November 12, 2016
It’s a hard time for us in America. We’re having a bad dream that we can’t wake up from: Donald Trump and all he stands for is about to take power. We’re scared, disheartened, and angry. We imagine the worst and we may be right. If Trump carries through with what he says he wants to do, and Congress lets him, we can say goodbye to global climate accords, coral reefs, polar bears, the Iran nuclear treaty, eleven million inhabitants of the country, gun control, healthcare, civil rights, and civility itself.
My daughter Aura wrote to me that she wished her children were younger so they wouldn’t understand, but they’ve heard their parents talking and they know something unhealthy is happening. I remember having that feeling of dread when I was my grandchildren’s age, coming home from elementary school and finding my mother shouting at the little TV set where McCarthy’s Un-American Activities Committee was persecuting people who were just like my father and mother. “Are you now or have you ever been a communist?” That man said it over and over. His voice scared me. But I was proud of my parents because they cared so much that people treat each other in a good way.

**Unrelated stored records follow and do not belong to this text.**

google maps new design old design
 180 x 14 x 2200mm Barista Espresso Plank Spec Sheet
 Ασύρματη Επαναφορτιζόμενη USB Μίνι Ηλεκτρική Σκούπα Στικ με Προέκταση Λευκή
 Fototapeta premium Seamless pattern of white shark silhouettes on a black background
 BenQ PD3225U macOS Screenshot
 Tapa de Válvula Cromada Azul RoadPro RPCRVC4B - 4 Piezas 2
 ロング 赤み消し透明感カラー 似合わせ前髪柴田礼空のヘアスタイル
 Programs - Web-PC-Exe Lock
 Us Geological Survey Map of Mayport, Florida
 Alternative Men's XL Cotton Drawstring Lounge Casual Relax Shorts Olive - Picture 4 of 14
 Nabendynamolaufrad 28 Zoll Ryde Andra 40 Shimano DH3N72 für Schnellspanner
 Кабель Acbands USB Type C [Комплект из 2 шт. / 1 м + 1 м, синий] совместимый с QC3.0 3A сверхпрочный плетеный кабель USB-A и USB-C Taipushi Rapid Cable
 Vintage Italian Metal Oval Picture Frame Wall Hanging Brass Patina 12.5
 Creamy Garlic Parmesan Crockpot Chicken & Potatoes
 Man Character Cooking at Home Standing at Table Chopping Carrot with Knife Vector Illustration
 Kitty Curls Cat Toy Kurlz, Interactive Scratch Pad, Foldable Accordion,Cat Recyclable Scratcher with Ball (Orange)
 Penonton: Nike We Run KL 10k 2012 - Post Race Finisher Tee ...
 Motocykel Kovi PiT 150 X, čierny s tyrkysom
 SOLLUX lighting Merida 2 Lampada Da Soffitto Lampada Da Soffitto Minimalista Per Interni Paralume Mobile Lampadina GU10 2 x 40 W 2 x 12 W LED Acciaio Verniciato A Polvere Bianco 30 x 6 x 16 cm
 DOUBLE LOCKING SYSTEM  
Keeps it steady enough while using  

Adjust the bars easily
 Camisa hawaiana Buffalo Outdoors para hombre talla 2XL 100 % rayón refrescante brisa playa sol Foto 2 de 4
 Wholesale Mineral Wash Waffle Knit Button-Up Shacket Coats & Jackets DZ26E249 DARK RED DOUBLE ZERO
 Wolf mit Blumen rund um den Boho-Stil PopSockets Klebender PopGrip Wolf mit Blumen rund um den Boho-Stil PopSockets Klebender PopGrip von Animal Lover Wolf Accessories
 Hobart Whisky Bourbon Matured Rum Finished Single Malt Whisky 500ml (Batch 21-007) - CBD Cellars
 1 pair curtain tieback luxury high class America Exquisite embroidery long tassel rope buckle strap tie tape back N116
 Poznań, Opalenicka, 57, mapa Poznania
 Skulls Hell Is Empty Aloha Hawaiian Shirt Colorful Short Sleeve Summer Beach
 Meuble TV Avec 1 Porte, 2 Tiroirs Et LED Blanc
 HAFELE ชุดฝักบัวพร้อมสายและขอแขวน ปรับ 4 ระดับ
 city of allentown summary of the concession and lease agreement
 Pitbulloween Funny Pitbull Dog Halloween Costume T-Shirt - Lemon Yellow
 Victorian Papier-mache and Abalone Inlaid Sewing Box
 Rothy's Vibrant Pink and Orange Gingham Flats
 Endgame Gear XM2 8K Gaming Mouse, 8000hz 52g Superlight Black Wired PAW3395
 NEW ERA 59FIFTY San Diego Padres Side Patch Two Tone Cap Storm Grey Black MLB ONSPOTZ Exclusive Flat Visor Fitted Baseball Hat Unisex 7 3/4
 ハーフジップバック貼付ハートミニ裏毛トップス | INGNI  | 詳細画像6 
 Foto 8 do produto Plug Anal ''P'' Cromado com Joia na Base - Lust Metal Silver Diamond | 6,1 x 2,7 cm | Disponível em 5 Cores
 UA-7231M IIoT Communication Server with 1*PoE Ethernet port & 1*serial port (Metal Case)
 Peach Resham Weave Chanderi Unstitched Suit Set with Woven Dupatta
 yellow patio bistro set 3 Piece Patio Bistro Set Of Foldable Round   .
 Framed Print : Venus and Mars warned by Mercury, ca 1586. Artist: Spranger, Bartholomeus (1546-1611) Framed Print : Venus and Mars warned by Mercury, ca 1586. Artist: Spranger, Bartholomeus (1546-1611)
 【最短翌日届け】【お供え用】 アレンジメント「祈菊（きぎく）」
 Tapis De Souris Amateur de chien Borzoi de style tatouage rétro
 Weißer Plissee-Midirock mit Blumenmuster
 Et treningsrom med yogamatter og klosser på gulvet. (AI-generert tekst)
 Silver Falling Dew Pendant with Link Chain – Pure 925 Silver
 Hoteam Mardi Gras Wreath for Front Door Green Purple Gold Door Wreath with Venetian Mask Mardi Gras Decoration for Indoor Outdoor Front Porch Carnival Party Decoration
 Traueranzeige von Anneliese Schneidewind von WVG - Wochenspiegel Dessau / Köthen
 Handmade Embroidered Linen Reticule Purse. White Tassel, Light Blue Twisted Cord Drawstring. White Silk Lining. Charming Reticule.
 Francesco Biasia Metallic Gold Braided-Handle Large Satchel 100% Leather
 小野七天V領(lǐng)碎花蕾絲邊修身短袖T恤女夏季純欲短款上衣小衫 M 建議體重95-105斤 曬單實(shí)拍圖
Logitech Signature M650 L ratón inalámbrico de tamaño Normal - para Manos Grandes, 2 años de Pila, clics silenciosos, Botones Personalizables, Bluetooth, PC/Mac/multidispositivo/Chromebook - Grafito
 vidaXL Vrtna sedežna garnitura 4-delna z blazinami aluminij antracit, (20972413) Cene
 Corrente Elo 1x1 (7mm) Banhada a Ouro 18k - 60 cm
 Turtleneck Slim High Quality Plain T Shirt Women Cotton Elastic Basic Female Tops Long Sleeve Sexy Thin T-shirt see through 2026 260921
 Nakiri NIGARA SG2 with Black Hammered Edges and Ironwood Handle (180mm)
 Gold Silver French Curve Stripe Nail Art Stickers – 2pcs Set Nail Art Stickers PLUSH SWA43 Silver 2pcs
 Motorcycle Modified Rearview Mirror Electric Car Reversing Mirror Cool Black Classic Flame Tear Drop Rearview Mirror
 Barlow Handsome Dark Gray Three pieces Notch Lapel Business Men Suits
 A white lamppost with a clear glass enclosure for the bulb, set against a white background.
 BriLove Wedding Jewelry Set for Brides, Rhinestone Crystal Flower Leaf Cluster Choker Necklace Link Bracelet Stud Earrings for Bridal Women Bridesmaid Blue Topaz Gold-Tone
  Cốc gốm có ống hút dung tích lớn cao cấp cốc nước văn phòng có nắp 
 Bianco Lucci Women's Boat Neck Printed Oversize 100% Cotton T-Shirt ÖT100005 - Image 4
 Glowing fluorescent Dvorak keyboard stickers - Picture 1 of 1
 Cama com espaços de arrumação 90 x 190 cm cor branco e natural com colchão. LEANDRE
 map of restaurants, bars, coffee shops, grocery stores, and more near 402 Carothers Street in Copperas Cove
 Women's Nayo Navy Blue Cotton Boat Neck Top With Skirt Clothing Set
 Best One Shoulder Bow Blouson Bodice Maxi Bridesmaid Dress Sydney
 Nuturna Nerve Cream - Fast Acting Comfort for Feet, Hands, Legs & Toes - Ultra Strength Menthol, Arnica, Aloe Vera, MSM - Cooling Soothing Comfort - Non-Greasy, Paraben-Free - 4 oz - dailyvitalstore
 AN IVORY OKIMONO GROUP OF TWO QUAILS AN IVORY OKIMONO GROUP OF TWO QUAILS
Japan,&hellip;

This has been going on for a long time — the old distrust and fears of our species pouring into the hearts of our children. What dread did the children feel who were born just ten years before me in the war-torn countries of World War II, when they heard their parents whispering about the events swirling around them? It’s the legacy of fear bequeathed to the generations.
So what we can do? What can we do for the children?
There was a phrase we used years ago in nonviolent direct action trainings when things got tense: link arms and sing. Linking arms makes it difficult for those trying to fragment us to do so — in our unity is our strength. And this means more than just physically linking arms. It means recognizing our oneness with each other and even with those trying to overwhelm us and what we stand for. When we act from the spirit of oneness, our actions are always compassionate.
That’s what “singing” means. Not only singing songs, though music always helps, but making sure our voices and our actions express what matters most to us. Sing out our love, sing out what matters to us, sing into the hearts of the oppressors. Jesus did that. Dr. King did that. The woman who put the flower in the barrel of the National Guardsman’s gun did that. The man who stood in front of the tank in Tiananmen Square did that.
The bravery of these people was rooted in their love. But while their actions and words were compassionate and non-violent, there was also a fierceness to them. They took a stand. “Get up, stand up, stand up for your rights,” is how the song went. My mother shouted at the TV! As a child I felt the power of that, and it, too, made me proud.
When our children witness the strong gentleness of our coming together in oneness, and when they hear our passionate songs, their dread will diminish. They’ll hold our hands and sing too.